Understanding RPC, Messaging, and Related Concepts

RPC (Remote Procedure Call)

RPC, which stands for Remote Procedure Call, refers to a communication protocol that allows a computer program to cause a subroutine or procedure to execute in another address space (commonly on another computer on a shared network) without the programmer explicitly coding the details for this remote interaction. The concept of RPC is often associated with technologies such as REST, microservices, gRPC, WCF, Java RMI, and others. The primary focus of RPC is to enable the invocation of methods or procedures across a network, typically over HTTP.

Messaging Systems

Messaging systems, on the other hand, are designed to facilitate asynchronous communication between distributed components or services. These systems often utilize message queues to decouple the sender and receiver, allowing for more flexible and resilient communication patterns. Messaging architectures are commonly employed in the context of microservices and distributed systems to enable scalable and reliable interactions between various components.

Performance Comparison: RPC vs. Messaging

The debate surrounding the performance of RPC versus messaging systems is a complex and nuanced one. While RPC may initially appear to offer lower latency due to its direct socket connections and synchronous nature, a deeper analysis reveals significant considerations related to scalability, memory management, and overall system throughput.

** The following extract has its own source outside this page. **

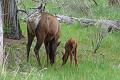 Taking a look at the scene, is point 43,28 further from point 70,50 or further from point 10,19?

Key Points from the Article

  1. RPC "Faster" Perception: The article discusses the common perception that RPC communication is inherently faster than messaging due to the direct nature of its interactions. However, it emphasizes the need to consider the broader context and challenges associated with this comparison.

  2. Threads and Memory: The article delves into the implications of RPC calls on memory management and the behavior of garbage collectors in the context of remote invocations. It highlights the potential for memory retention and the impact on system scalability.

  3. Impact on System Throughput: The article outlines the challenges faced by RPC-based systems under load, particularly in scenarios involving multiple service calls and memory pressure. It contrasts this with the resilience and scalability offered by messaging systems, which leverage durable disks and parallel processing to handle higher loads effectively.

  4. Summary and Recommendations: The article concludes by emphasizing the risks associated with synchronous RPC models and the potential for system failure under certain conditions. It advocates for the adoption of asynchronous messaging systems as a more robust and scalable alternative, offering higher and stable overall throughput.

In summary, the article provides a comprehensive exploration of the performance considerations and trade-offs between RPC and messaging systems, shedding light on the complexities involved in evaluating their respective advantages and limitations.

If you have any specific questions or would like to delve deeper into any of these concepts, feel free to ask!

RPC vs. Messaging – which is faster? (2024)
Top Articles
Latest Posts
Article information

Author: Jeremiah Abshire

Last Updated:

Views: 5958

Rating: 4.3 / 5 (74 voted)

Reviews: 81% of readers found this page helpful

Author information

Name: Jeremiah Abshire

Birthday: 1993-09-14

Address: Apt. 425 92748 Jannie Centers, Port Nikitaville, VT 82110

Phone: +8096210939894

Job: Lead Healthcare Manager

Hobby: Watching movies, Watching movies, Knapping, LARPing, Coffee roasting, Lacemaking, Gaming

Introduction: My name is Jeremiah Abshire, I am a outstanding, kind, clever, hilarious, curious, hilarious, outstanding person who loves writing and wants to share my knowledge and understanding with you.